È intervenuto, come main speaker, Fadi Chehadé, uno degli attori più noti del mondo digitale, già Ceo di Icann, l’organismo che regola le radici, i protocolli, i domini e la sicurezza di Internet, oggi imprenditore illuminato del web e visionario della Rete, uno degli attori più attivi nel ricercare una nuova governance della Rete. Un modo originale di gestire politicamente il digitale, che contemporaneamente dia ruoli e pesi coordinati agli Stati e alle organizzazioni internazionali (che hanno da tempo perso gran parte delle loro prerogative a causa del digitale), alle imprese private che operano nel settore (che al contrario stanno sempre più rosicchiando potere alle istituzioni nazionali e internazionali con la loro diffusione transnazionale) e alla società civile, agli utenti, a chi usa il web con coscienza e visione.
Ha partecipato al forum di Trento anche Paolo Benanti, professore di teologia morale alla Pontificia Università Gregoriana ed esperto di significato etico e antropologico della tecnologia, che con la sua naturale empatia col pubblico ha allargato alla dimensione etica e filosofica il sentire del digitale e dei suoi attori. Perchè alla fine, ci ritroviamo con noi stessi, malgrado i telefonini. Pasquale Ferrara, ambasciatore italiano in Algeria, noto politologo, ha portato la sua esperienza e la sua visione geografica e politica (non solo geopolitica!) nell’ambito del digitale, che è diventato il principale agone delle relazioni internazionali, o piuttosto globali.
Il seminario ha conosciuto altresì ampi momenti di laboratorio tra i 60 giovani presenti, di 15 nazioni diverse, per elaborare proposte per coscientizzare e avviare pratiche professionali, sia personali che di gruppo. Un primo passo nella creazione di una piattaforma che lavorerà per arrivare a un “giuramento digitale” che, sull’esempio di quello di Ippocrate per i medici, appare sempre più indispensabile per non cadere in un Far West senza altre regole che il profitto, il sopruso, la violenza.

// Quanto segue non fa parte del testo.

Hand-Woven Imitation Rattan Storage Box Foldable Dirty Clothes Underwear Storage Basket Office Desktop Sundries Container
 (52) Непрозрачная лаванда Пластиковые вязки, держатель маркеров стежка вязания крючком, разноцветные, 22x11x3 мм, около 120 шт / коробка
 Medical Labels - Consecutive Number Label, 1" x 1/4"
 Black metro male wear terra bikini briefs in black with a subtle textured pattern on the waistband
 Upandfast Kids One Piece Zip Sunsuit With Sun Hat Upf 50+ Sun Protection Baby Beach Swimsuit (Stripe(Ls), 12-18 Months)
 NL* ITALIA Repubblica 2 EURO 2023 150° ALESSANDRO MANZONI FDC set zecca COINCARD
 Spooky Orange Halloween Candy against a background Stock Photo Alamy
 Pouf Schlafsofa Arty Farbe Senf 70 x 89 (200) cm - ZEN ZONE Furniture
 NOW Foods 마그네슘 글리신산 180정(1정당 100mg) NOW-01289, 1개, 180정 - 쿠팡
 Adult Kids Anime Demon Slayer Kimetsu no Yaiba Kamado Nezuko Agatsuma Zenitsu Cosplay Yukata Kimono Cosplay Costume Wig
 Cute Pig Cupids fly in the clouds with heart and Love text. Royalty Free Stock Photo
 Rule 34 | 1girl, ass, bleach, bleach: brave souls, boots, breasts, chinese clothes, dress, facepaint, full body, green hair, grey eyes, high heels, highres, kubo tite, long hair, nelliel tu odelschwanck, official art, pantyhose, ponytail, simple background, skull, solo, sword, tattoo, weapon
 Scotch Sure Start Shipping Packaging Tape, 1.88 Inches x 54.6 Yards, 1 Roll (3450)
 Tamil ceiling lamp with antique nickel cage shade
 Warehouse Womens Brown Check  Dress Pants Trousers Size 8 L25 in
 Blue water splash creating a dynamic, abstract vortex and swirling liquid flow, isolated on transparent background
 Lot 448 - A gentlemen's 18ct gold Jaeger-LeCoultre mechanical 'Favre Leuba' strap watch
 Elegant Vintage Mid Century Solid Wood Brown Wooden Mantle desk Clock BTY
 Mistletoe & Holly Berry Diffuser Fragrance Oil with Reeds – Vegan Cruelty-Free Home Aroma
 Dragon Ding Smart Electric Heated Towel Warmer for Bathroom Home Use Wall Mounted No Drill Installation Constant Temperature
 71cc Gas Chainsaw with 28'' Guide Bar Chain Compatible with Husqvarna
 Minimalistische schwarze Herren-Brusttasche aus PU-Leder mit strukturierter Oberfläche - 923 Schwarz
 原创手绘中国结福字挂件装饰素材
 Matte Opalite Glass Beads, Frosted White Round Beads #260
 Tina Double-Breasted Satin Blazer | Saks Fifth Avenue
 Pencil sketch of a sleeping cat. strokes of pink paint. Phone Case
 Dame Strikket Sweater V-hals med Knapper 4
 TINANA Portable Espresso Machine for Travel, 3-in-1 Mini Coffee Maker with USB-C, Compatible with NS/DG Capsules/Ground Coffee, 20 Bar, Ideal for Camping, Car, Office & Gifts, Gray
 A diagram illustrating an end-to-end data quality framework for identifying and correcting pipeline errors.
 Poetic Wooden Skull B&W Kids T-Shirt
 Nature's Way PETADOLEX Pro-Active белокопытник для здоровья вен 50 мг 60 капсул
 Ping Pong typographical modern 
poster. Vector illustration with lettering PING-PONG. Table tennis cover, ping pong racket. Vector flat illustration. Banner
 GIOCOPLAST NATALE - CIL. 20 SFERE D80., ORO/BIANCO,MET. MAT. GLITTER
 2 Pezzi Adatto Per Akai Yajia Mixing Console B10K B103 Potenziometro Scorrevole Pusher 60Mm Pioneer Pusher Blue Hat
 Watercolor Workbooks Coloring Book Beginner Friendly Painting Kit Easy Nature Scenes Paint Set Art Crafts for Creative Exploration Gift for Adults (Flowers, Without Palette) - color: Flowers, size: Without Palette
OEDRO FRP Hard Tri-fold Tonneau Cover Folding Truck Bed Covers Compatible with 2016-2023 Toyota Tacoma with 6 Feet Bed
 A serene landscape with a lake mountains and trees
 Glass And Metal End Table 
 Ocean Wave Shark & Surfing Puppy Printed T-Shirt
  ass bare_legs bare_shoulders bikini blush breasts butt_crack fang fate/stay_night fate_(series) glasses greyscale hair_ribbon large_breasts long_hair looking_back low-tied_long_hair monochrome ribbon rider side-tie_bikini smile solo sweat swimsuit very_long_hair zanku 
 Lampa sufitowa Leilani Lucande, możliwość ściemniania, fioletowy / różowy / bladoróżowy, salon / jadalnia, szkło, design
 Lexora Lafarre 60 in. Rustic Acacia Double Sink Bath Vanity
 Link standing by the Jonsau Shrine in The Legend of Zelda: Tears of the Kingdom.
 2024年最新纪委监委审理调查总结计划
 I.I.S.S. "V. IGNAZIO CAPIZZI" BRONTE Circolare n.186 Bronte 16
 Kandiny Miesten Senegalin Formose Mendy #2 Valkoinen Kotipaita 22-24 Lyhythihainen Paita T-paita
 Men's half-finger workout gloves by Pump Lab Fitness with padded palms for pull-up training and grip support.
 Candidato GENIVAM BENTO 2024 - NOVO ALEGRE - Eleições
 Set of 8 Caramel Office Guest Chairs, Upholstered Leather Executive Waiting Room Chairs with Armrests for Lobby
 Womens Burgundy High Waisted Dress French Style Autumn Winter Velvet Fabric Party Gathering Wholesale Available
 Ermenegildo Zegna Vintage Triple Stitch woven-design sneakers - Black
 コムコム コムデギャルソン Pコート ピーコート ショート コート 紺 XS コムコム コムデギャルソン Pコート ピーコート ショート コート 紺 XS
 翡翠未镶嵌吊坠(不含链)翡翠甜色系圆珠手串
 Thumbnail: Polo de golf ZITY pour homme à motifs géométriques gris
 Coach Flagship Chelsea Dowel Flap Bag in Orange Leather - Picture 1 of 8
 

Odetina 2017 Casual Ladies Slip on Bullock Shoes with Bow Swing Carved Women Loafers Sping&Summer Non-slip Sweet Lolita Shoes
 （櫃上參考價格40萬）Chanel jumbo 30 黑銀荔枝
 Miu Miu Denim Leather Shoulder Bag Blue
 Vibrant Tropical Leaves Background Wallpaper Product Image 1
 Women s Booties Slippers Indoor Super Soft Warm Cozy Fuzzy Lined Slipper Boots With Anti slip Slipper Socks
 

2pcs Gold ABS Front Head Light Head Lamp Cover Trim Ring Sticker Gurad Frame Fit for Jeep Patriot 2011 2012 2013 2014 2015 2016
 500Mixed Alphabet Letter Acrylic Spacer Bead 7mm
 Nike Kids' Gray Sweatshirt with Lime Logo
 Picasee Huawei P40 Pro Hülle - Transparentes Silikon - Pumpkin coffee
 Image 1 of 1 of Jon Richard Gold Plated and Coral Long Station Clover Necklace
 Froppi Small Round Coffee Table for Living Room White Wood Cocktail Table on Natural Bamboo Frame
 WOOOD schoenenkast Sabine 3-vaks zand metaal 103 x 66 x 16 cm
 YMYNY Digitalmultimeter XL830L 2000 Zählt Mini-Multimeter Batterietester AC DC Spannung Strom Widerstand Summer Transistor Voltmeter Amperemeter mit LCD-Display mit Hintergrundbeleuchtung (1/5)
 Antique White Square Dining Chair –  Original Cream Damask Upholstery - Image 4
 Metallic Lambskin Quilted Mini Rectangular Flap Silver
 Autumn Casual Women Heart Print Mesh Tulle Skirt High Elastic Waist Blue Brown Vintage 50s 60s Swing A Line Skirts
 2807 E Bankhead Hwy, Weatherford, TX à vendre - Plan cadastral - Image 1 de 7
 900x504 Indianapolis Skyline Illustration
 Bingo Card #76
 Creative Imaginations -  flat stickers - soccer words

Il seminario è stato coronato da un incontro pubblico con la città di Trento, domenica 1 dicembre presso la sala del MUSE, alla vigilia dell’inizio delle celebrazioni per il 100° anniversario della nascita della fondatrice sia dell’Istituto Sophia che di NetOne, Chiara Lubich. Per l’occasione erano presenti anche Marco Gui, docente di Sociologia dei media alla Bicocca di Milano, e l’ex-deputata trentina Lucia Fronza Crepaz, che hanno aiutato i presenti a capire come vi possa essere una “cittadinanza digitale”, un modo cioè di essere cittadini usando il digitale.
Lo scorso 14 novembre papa Francesco, ricevendo la comunità accademica di Sophia, ha voluto ricordare tre parole che dovrebbero identificare tale università: sapienza, patto e uscita. Parole attualissime anche per l’iniziativa di Trento: la sapienza di cui c’è pneumatica assenza nel panorama digitale; il patto, che indica responsabilità tra persone – il digital oath appunto; l’uscita, cioè la necessaria apertura di ogni iniziativa sul web, e non solo sul web, a quella realtà che oggi è “fisica” e “digitale” nello stesso tempo.